- Date published: 15 Jan 2018
Parents whose two daughters were diagnosed with the same fatal disease a year ago have thanked Rainbow Trust Children’s Charity for its support and are looking forward to the New Year with fresh hope, thanks to pioneering treatment their daughters are receiving.
Nicole and Jessica Rich were diagnosed with Batten Disease within three months of one another and are receiving pioneering treatment for it and Jessica, who has just turned two, is the youngest in the world to receive it.
Parents Gail and Matthew, from Throckley, Newcastle, hope that Jessica’s early diagnosis will stop her developing full-blown Batten Disease, the rare and life-limiting genetic disorder, which causes progressive deterioration of the brain and nervous system.
Nicole’s symptoms have improved since January when she started the enzyme treatment, which can slow down the progression of Batten’s, and Jessica does not yet have any symptoms at all. Gail said:
“All eyes are on Jessica and that’s why we are full of hope because they are giving her the treatment before the problems have started and we hope she will beat it or be ok. The expectation is that she will never develop full symptoms. Nicole’s the bravest little girl, she’s a happy, gorgeous little girl and Jessica is a firecracker and we are so grateful she’s getting this pioneering treatment.”
Nicole was diagnosed with global developmental delay when she was three but she began deteriorating and losing balance and had a number of epileptic seizures. Her parents were devastated when she was diagnosed with Batten Disease last September, aged four.
Learning that Jessica had been dealt the same fate on 6 December, while on their way to the airport to fly to Lapland after Nicole had been granted a charity Christmas wish was equally devastating.
Both sisters underwent brain surgery to insert a device through which enzymes are inserted to clear away waste toxins which their bodies can’t produce. Nicole had her procedure last Christmas and Jessica’ surgery took place in May, with her first infusion in June.
The sisters receive enzyme replacement therapy every fortnight but Jessica is too young to have it in England so the family must travel to a hospital in Hamburg, Germany, while Nicole, now five, goes to Great Ormond Street in London.
The unimaginable strain of juggling these appointments with normal life, such as taking their seven-year-old son Louis to school and Matthew continuing to work, has been made easier because of Rainbow Trust, which has provided some calm and routine to their intense schedule.
Our nine care teams of Family Support Workers across England, including the North East, covering Newcastle, make life a little easier for families at home, in hospital and in the community.
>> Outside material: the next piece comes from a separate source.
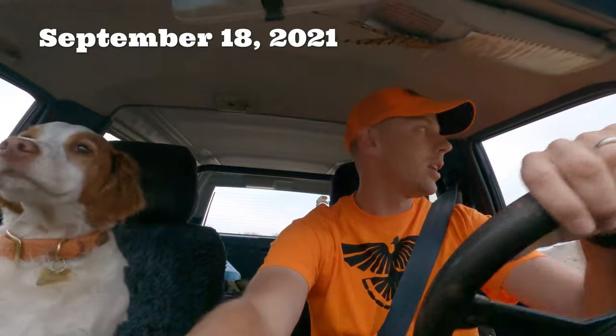Hello everybody, welcome to Northwest Wing Shooters. I'm Rob and today is the dawn of a new season. Today quail, chucker, and huns open here in Idaho and we are going out to see if we can get some.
Family Support Workers Sabrina and Kate provide emotional and practical support to the whole Rich family by taking the children out and giving Gail and Matthew some much needed respite. On one occasion, Family Support Workers Kate and Megan looked after Nicole while Jessica was in nursery so Gail could take Louis bowling on his birthday.
“We would be absolutely stuck without Rainbow Trust, it’s having that regular support which we can plan things around. Some weeks Matthew and I go for a coffee and have a breather for a couple of hours and we all look forward to it. Sabrina and Kate are amazing and the children love them.”
Despite their daughters’ illness, Gail said last Christmas was one of their best and this festive season will all be about family time.
“We want to enjoy every precious moment of all being together, we love being at home, letting the children enjoy their toys, playing games and eating lovely food. The big difference will be we will have to spend time in Great Ormond Street Hospital over Christmas, which will be difficult but once we are home we will be celebrating and enjoying our time together. We have been through so much since last Christmas, we will be ready for some quiet time together and making more special memories as a family.”
Gail and Matthew’s determination and motivation, together with Rainbow Trust’s support, has helped them remain strong and they have set up a legacy for their daughters, the Nicole Rich Foundation, through which they raise awareness of Batten’s and fundraise.
“We could have crumbled, to be thrown into this is beyond anything we could have imagined. No one knows about Batten Disease and it’s devastating. This has completely opened our eyes to the charity world and people who fundraise and we want to shout about it. We are doing everything we can to raise awareness of Rainbow Trust, fundraise and talk about Batten’s to fund treatment and hopefully eventually find a cure. Rainbow Trust knows how much we need and appreciate them. They are our only source of structured support and they enable us to do things together and they’ve got our back.”